キンキラ・ギラギラをずっと見続けていると、正直シンドくなってくるが、境内で唯一、素木(しらき)造りの建物があった。それが重文の「神厩舎(しんきゅうしゃ)」で、神馬をつなぐ厩(うまや)と、馬を扱う役人の詰め所が一体となっている。「なんだ馬小屋か」と軽んじてはいけない。ここに有名な「見ざる・言わざる・聞かざる」の三猿の彫刻があった。昔から猿が馬を守るとされていたそうだ。
神厩舎(重要文化財)
東照宮では「平成の大修理」として、あちこちで工事が行われていた。日光東照宮の公式HPによると《日光東照宮の建築に籠められた思想は、神威の昂揚とその記念性・永遠性を以って多くの参詣を受け入れる点にあり、建築意匠の全体を貫く統一的な表現方法において、漆塗・彩色・錺金具などの外装に多くの技術を投入する特徴があります。この建築表現の特性により、精彩を常に維持するために数十年足らずの短い周期での、絶え間ない修理が必要となる建築といえます》。

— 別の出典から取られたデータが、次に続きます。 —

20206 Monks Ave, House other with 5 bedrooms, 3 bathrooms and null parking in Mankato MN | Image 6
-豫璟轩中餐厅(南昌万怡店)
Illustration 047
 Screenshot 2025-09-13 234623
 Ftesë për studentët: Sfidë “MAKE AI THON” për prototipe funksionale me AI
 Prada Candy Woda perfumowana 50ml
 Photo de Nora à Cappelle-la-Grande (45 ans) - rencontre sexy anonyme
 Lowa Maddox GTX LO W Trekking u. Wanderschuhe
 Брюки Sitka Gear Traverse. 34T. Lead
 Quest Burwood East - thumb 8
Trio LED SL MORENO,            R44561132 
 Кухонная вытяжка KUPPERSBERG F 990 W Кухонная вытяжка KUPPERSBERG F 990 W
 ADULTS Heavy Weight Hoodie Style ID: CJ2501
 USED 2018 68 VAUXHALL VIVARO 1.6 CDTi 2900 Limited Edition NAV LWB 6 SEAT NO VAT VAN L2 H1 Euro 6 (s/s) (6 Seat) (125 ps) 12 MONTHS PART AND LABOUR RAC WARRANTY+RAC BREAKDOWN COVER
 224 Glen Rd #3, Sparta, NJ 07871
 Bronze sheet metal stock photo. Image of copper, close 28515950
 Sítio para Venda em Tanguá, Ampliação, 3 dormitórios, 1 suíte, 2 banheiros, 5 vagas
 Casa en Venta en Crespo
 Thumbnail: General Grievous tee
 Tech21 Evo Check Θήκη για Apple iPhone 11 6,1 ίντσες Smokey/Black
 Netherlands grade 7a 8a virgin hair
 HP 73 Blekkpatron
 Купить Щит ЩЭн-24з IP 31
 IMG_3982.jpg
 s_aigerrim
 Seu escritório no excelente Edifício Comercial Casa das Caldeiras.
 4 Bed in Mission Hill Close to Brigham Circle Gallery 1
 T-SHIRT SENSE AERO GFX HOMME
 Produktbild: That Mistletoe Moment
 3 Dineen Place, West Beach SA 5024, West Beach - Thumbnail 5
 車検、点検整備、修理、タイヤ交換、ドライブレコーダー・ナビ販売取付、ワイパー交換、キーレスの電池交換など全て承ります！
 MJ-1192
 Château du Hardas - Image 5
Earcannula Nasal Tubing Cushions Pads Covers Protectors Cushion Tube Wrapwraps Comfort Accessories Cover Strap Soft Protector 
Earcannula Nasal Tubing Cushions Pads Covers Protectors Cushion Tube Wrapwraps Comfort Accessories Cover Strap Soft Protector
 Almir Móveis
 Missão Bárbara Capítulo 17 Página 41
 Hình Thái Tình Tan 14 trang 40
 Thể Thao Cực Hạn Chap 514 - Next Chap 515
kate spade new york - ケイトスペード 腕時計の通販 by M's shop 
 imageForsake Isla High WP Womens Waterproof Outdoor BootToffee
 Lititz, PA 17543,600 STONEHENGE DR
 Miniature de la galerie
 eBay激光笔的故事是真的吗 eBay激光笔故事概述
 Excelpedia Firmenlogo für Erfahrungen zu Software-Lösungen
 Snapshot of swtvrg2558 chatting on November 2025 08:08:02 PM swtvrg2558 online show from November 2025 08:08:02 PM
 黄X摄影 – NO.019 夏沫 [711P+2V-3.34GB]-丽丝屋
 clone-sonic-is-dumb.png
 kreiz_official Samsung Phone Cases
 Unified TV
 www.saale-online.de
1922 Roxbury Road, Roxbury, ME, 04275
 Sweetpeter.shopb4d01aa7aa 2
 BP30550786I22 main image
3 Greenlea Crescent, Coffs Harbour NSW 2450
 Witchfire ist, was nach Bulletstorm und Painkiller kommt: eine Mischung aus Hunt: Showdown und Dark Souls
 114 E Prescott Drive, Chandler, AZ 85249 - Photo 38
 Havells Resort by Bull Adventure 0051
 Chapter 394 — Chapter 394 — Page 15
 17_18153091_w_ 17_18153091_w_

《平成19年度からは新規事業としていよいよ本殿・石の間・拝殿を始め東西透塀、正面唐門など重要な主社殿の工事が予定されており、平成27年(2015)の御祭神徳川家康公400年式年祭記念事業として平成36年(2024)まで、向こう18年間を『平成の大修理』として長期計画の下での修理事業が予定されています》。なるほど。神威昂揚のためのキンキラ・ギラギラは、維持するのが大変なのだ。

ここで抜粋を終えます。